Dallas based Braemar Hotels & Resorts Inc. recently revealed that it has entered into a stock purchase agreement with Ashford Inc. under which Ashford purchased 19,897 shares of its common stock for $30 per share, resulting in total proceeds of approximately $0.6 million to the company.
According to a prepared statement, the purchase price equates to a premium of approximately 20% based on yesterday’s closing price of Ashford common stock. Due to the parameters of the private letter ruling expected to be received from the Internal Revenue Service by the Company, Ashford is only able to acquire the shares held by the Company’s taxable REIT subsidiary.
Additionally, according to a prepared statement, the company announced that it currently plans to distribute the remaining 174,983 shares of Ashford common stock that it currently owns on a pro-rata basis to Braemar common shareholders and unitholders.

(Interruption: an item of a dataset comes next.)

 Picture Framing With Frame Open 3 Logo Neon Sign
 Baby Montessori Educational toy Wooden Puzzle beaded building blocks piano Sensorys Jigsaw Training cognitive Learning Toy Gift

The pro-rata distribution of Ashford shares is contingent upon, and will occur immediately prior to, Ashford’s planned acquisition of Remington Holdings, L.P.’s hotel management business. That proposed acquisition, which was previously announced on June 3, 2019, is expected to close in the fourth quarter of 2019. The transaction remains subject to approval by Ashford’s stockholders and customary closing conditions. The stockholder vote has been set for October 24, 2019, and the Company expects to receive the official issued private letter ruling related to the Remington transaction from the IRS very soon. Additional information regarding the planned distribution will be provided at a later date.
“We are pleased to announce this planned disposition strategy for our shares of Ashford common stock, which releases unrecognized value to the Company and its shareholders,” commented Richard J. Stockton, Braemar’s President and Chief Executive Officer.
Braemar Hotels & Resorts is a real estate investment trust focused on investing in luxury hotels and resorts.